Collection entries
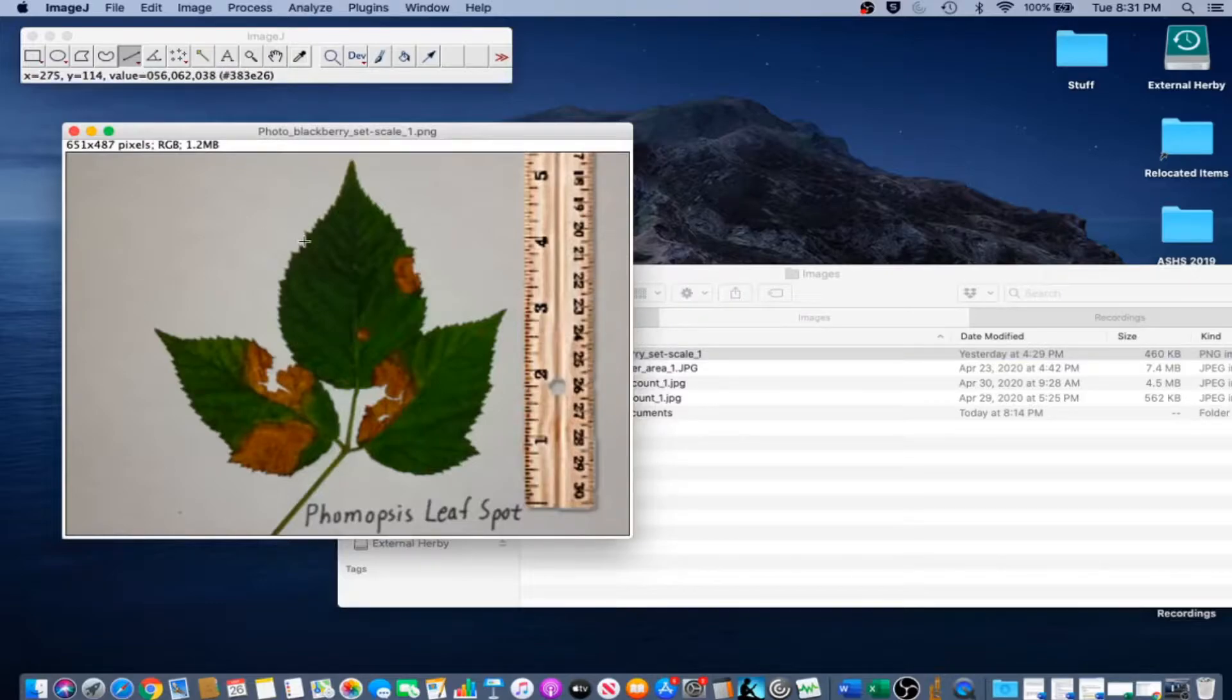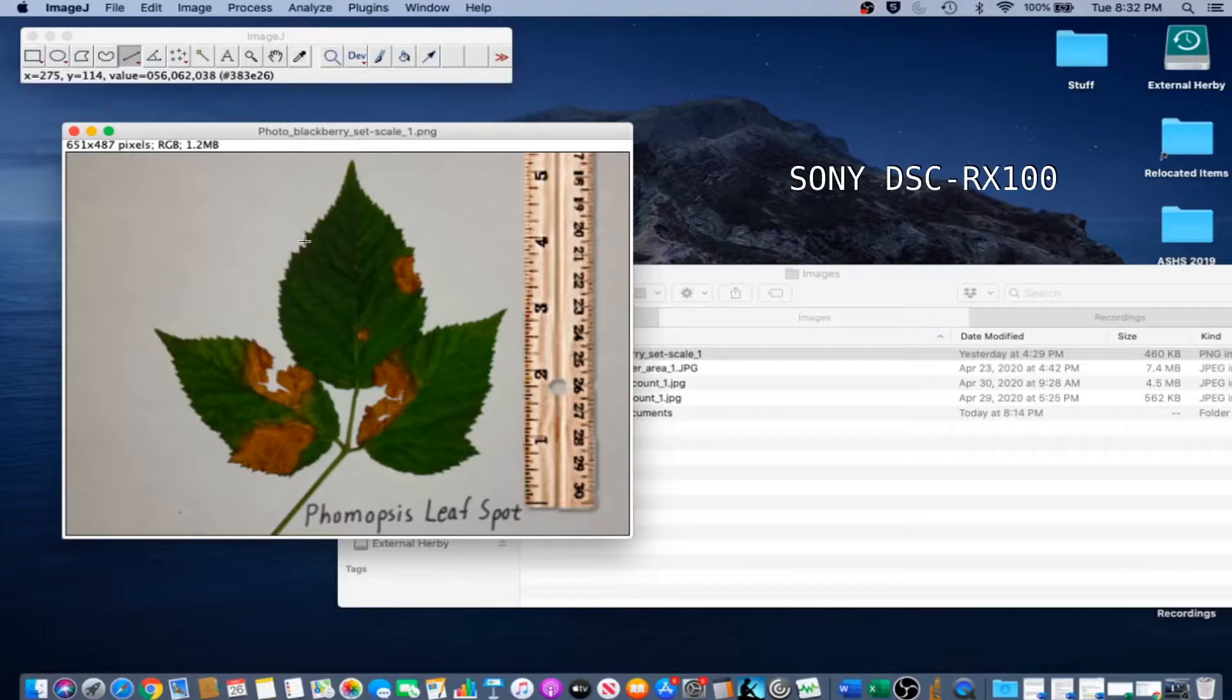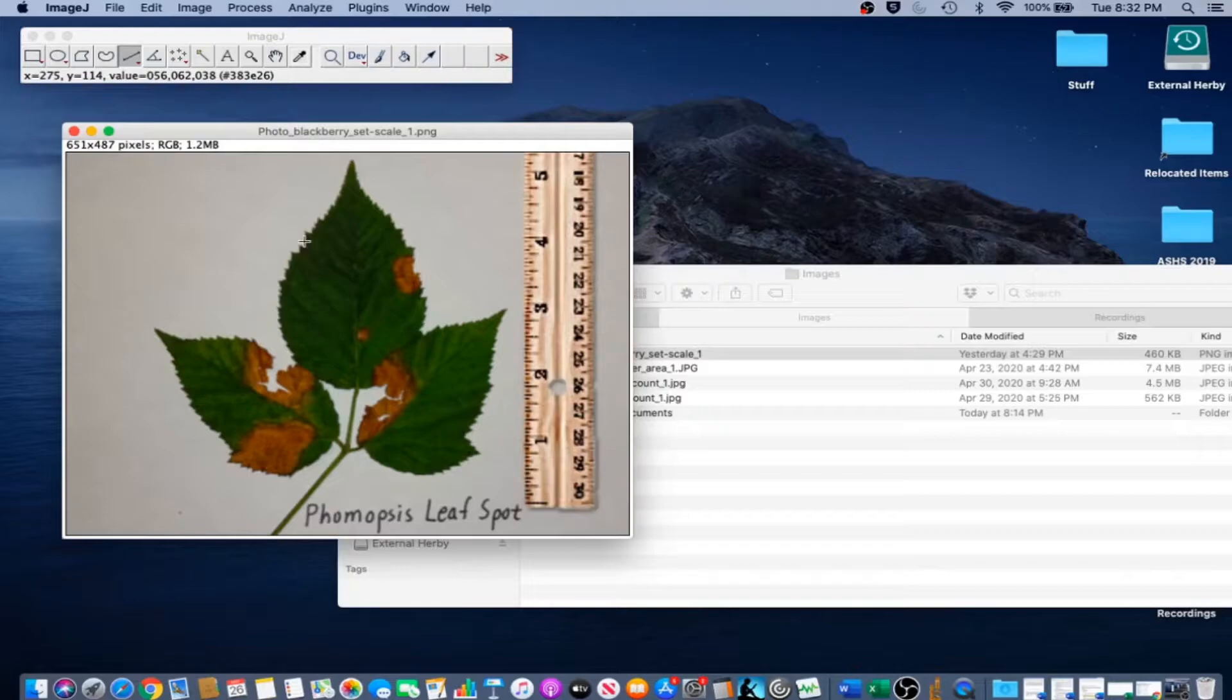Our first example for setting scale in this case is a photograph. This is a photograph of blackberry leaves laid flat on a piece of white copy paper. It was taken with a Sony DSC RX100 compact digital camera in a room with only ceiling lights.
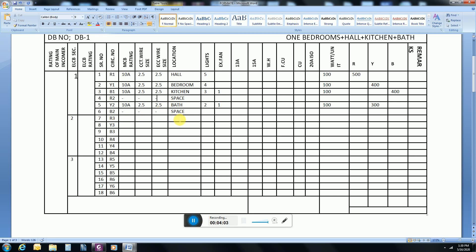Moving to sockets: in the hall there will be three sockets. The MCB rating will be 20 ampere, wire size 4mm, and ECC wire size 4mm. Each socket load is 200 watts, so the total load on the red phase will be 600 watts. For the bedroom, again 20 ampere, 4mm wire, ECC 4mm, three sockets — total load 600 watts.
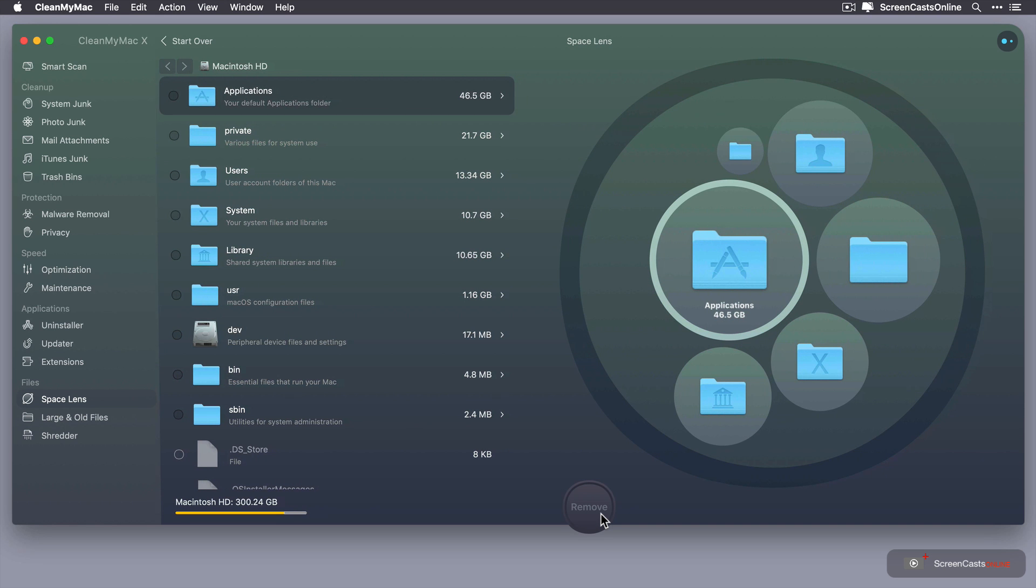Now that really didn't take too long but now we have two representations of our user data. On the left hand side we have this ordered list. So it's ordered by size. So an applications folder, private folder, user folder, system folder, etc.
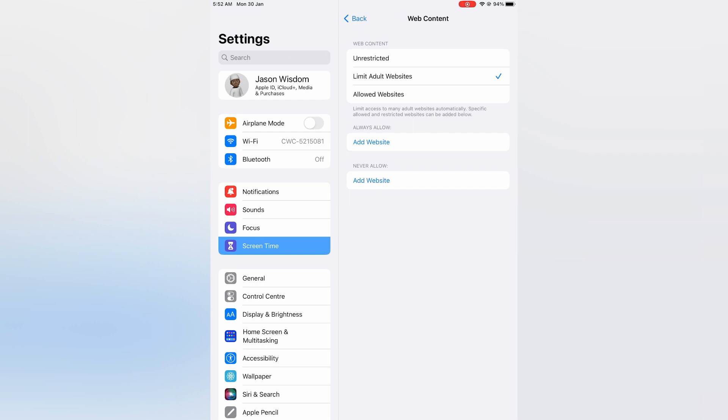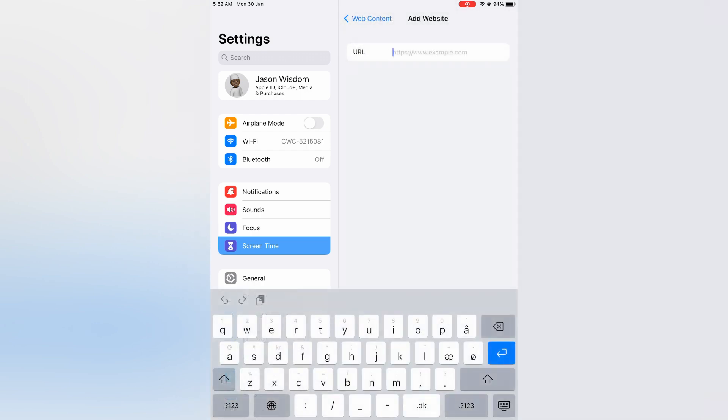Then you are going to tap on Add Website right where you see Never Allow. You could simply paste in the URL of the website that you would like to block.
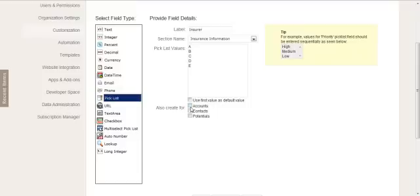So in this case we're talking about an individual and I want to put that on the contact record only. You can do all three, but it really depends on your business process flow and where you need to store that information.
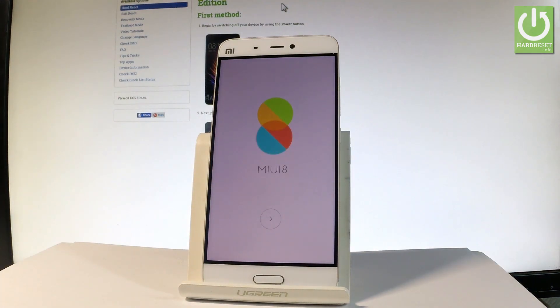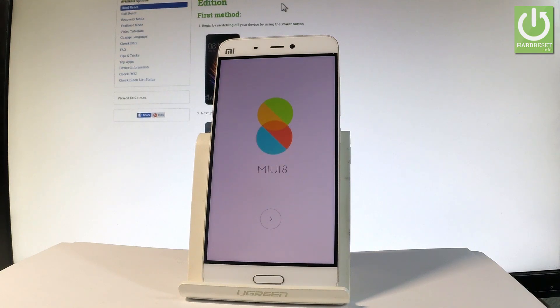Excellent, as you can see the Xiaomi welcome panel just pops up on the screen, so now we may start to activate this phone. Thank you for watching, please subscribe to our channel and leave a thumbs up under the video.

**Exercise prompt:**
Where pictures appear, drop them, and reproduce exactly only the lines running from the beginning of the data to the line that contains "Moving to sockets: in", inclusive.

**Answer space:**
Our first example for setting scale in this case is a photograph. This is a photograph of blackberry leaves laid flat on a piece of white copy paper. It was taken with a Sony DSC RX100 compact digital camera in a room with only ceiling lights.
Moving to sockets: in the hall there will be three sockets. The MCB rating will be 20 ampere, wire size 4mm, and ECC wire size 4mm. Each socket load is 200 watts, so the total load on the red phase will be 600 watts. For the bedroom, again 20 ampere, 4mm wire, ECC 4mm, three sockets — total load 600 watts.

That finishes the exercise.